La coupure d’Internet durant plus de neuf heures en Corée du Nord lundi pose la question de la facilité avec laquelle on peut choisir de déconnecter un pays entier du réseau. Il n’existe pas de bouton d’urgence permettant d’instaurer un couvre-feu sur Internet, par un pays ou par un État qui voudrait lui nuire. Des méthodes peuvent néanmoins conduire à des coupures à grande échelle. Avant la Corée du Nord, des déconnexions massives sont déjà survenues en Syrie, en Égypte ou en Chine.
Si le Web est souvent présenté comme virtuel, l’infrastructure par laquelle transitent les données est bien réelle. Internet est composé de dizaines de milliers de réseaux de fibres optiques, tirées sur terre et dans les mers, et connectées les unes aux autres. Dans les pays bien desservis, comme la France, lorsqu’une route est encombrée ou en panne, les données empruntent des «itinéraires bis». La probabilité de réussir à couper le trafic Internet, en neutralisant d’un coup toutes ces routes, est infime. Internet fait preuve dans ce cas d’une grande résilience.
La situation est différente dans les pays où Internet est moins bien desservi. En mars 2011, une bonne partie de la Géorgie et de l’Arménie s’était retrouvée sans connexion à Internet durant plusieurs heures. En voulant récupérer des câbles pour les revendre, une femme de 75 ans avait sectionné une fibre optique essentielle à l’acheminement d’Internet dans cette région.

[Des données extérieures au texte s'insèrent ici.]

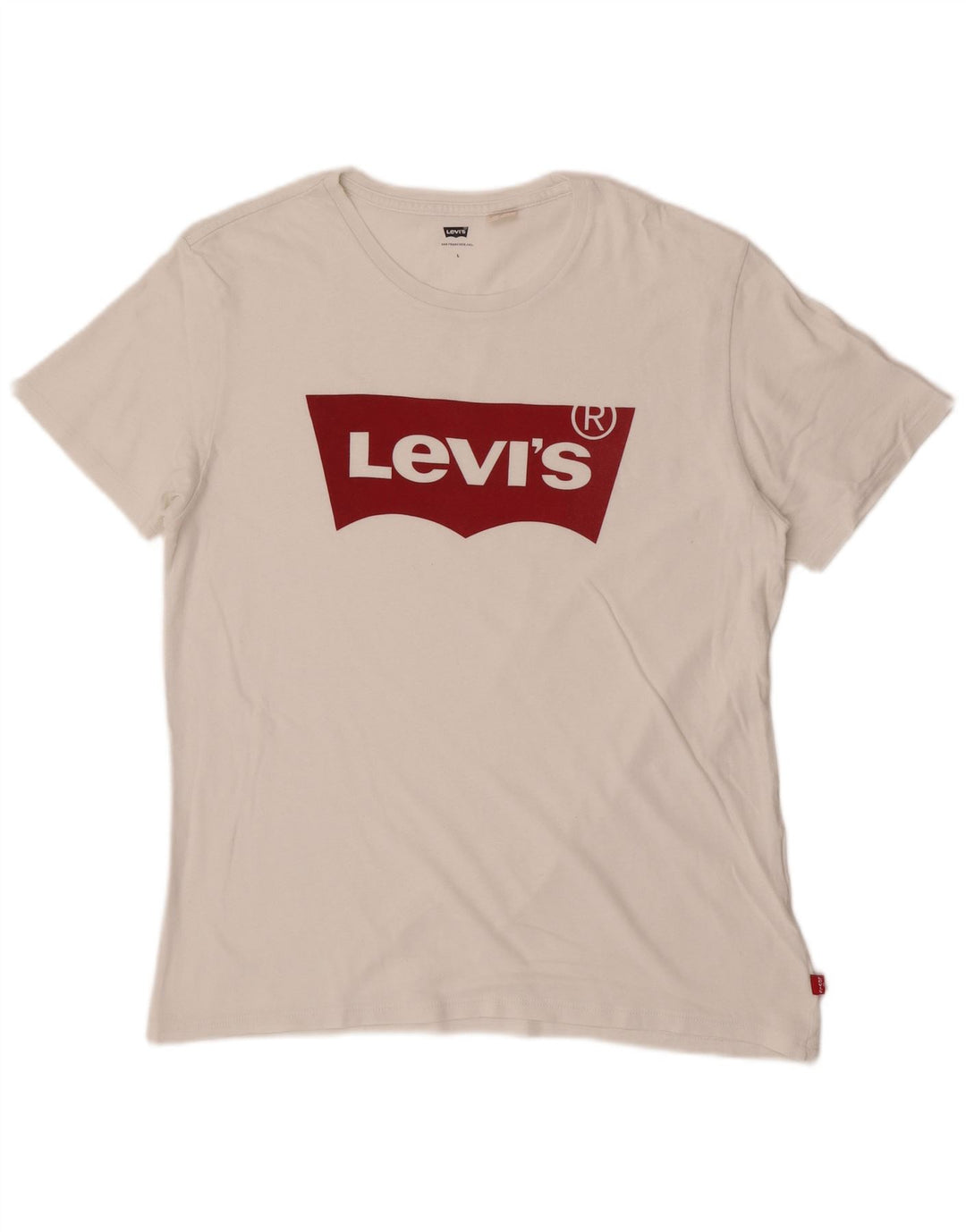 Levi's Herren-T-Shirt mit Grafik, Größe L, Weiß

Un risque de déconnexion «sévère»
Les coupures les plus graves et durables interviennent là où les réseaux sont à la fois peu denses et sous contrôle étatique. En 2012, les experts de Dyn Research avait listé plus de 130 pays où les risques de déconnexion sont «significatifs» ou «sévères». La coupure en Égypte en 2011 est intervenue après que les opérateurs télécoms eurent reçu l’ordre de déconnecter l’Égypte d’Internet pour contrecarrer des manifestations anti-Moubarak. Ces opérateurs n’ont pas coupé physiquement les câbles, mais effacé le nom de leurs routes dans leurs registres informatiques. Les données transitant vers l’Égypte croyaient s’engouffrer dans une impasse. Des routes de secours ont été proposées aux opposants du régime pour leur permettre de poursuivre leurs actions. Dans l’autre sens, la Syrie a été coupée du monde en 2012, à la suite d’une action de la NSA qui a dégénéré.
La Corée du Nord est très exposée à ce type de coupure. Les quatre réseaux à l’intérieur du pays sont alimentés depuis la Chine, par des câbles de l’opérateur China Unicom. Un reseau de secours, par satellite, un temps utilisé, ne serait plus actif. Internet peut avoir été coupé de l’intérieur, sur ordre, ou neutralisé en s’attaquant à ces quelques points de passage.